What questions force the other side to think about the issue and focus on problem-solving. This gives them a certain amount of freedom—they can answer however they want—but you’re framing the scope of the conversation.
For many people, what questions aren’t easy to use. The thought of leading someone through a conversation scares them to death. But as long as you know your business and industry, you can use what questions with ease—especially when you’ve already practiced them.
You can also use what questions for time travel. If someone fails to do something they said they would, you can say: When you said you would take care of the issue, what should I have expected? Suddenly, they travel back to the point in time they made the agreement.
Other examples of these Calibrated Questions include:
- What is the core issue here?
- What is the biggest challenge you face?
- What happens if we fail?
- What position are you in if this doesn’t change?
- What happens if you do nothing?
Calibrated Questions: How Questions
For the most part, how questions are for implementation. When you get to the end of a deal, even if there’s an agreement, there’s no such thing as a yes without a how: How will this deal get implemented?
How questions are forward-thinking. If they don’t call me back, how do we proceed? How should we follow up with you if we have any issues? In response, the other side might say: Shoot me an email or text; I never pick up my phone.
How questions force the counterpart to be empathetic and understand your perspective. When you give them empathy up front, they will reciprocate; it’s almost an obligation. As a result, the final details of the deal will be ironed out, and you’ll be ready to move on to the next one.
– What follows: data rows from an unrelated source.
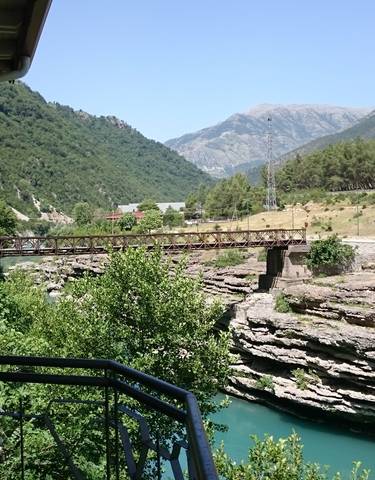 A scenic view of a wooden bridge over turquoise water in a mountainous area.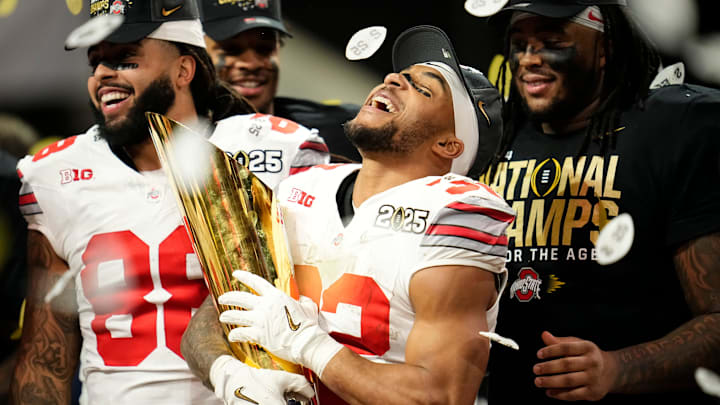 Ohio State Buckeyes running back TreVeyon Henderson (32) celebrates with the trophy following the 34-23 win over the Notre Dame Fighting Irish to win the College Football Playoff National Championship at Mercedes-Benz Stadium in Atlanta on Jan. 22, 2025. Ohio State Buckeyes running back TreVeyon Henderson (32) celebrates with the trophy following the 34-23 win over the Notre Dame Fighting Irish to win the College Football Playoff National Championship at Mercedes-Benz Stadium in Atlanta on Jan. 22, 2025.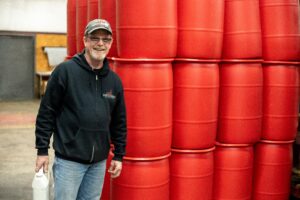 AFI Employee standing next to 200 pound barrels of fragrance oil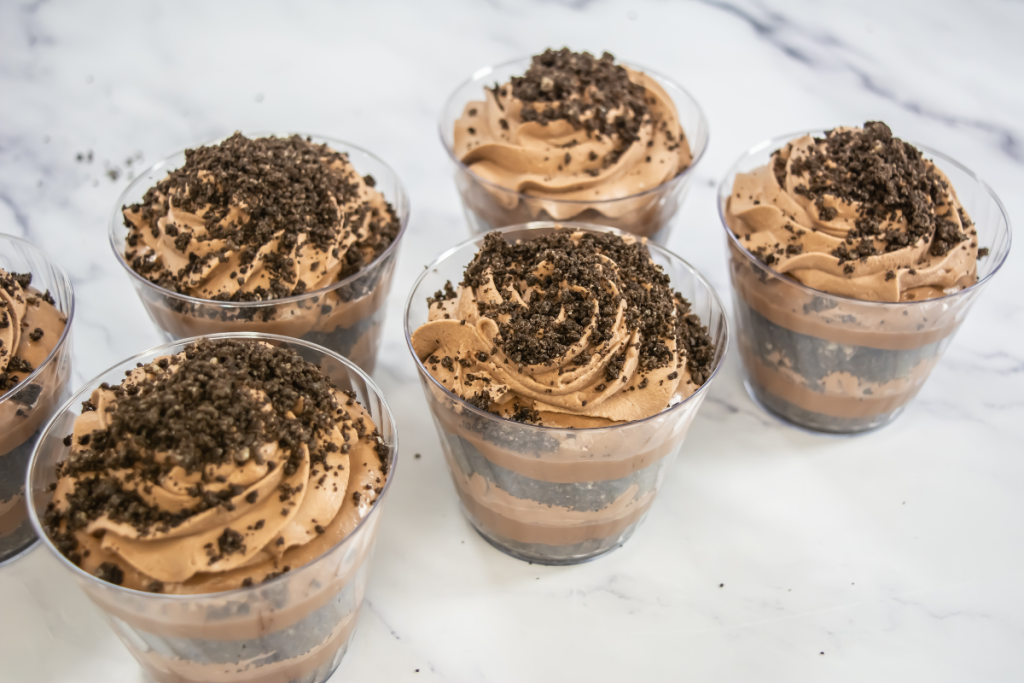 The completed and garnished Baileys Chocolate Cheesecake Trifle Cups, featuring layers of chocolate, cream, and crushed Oreos.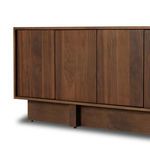 Angled side and front view emphasizing rectangular shape and plinth base design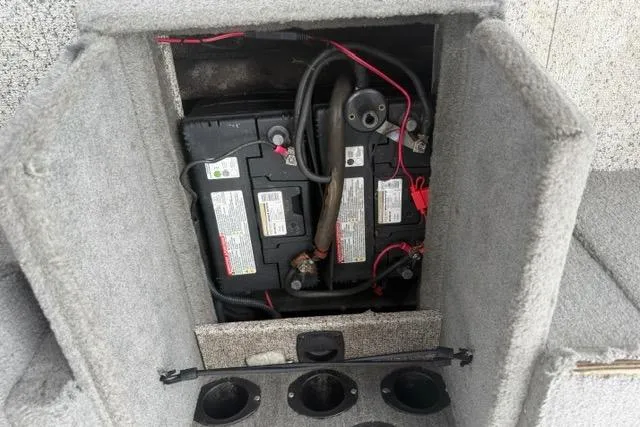 Slide: The Image of Battery compartment of 2011 Tracker Pro Guide V-175 SC boat, showing wiring and connections. - 17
Examples of these Calibrated Questions include:
- How is that worthwhile?
- How have you handled these issues in the past?
- How will this look in a year if things don’t change?
- How long are you willing to wait?
- How does that affect things?
Calibrated Questions: Why Questions
As mentioned above, why questions should only be used to demonstrate Proof of Life. If you ask your counterpart some variation of Why me? their answer will be revealing. If they sing your praises and state your value proposition for you, you’re the favorite. If they are unable to answer the question or describe a scenario that doesn’t include you, you’re likely the fool.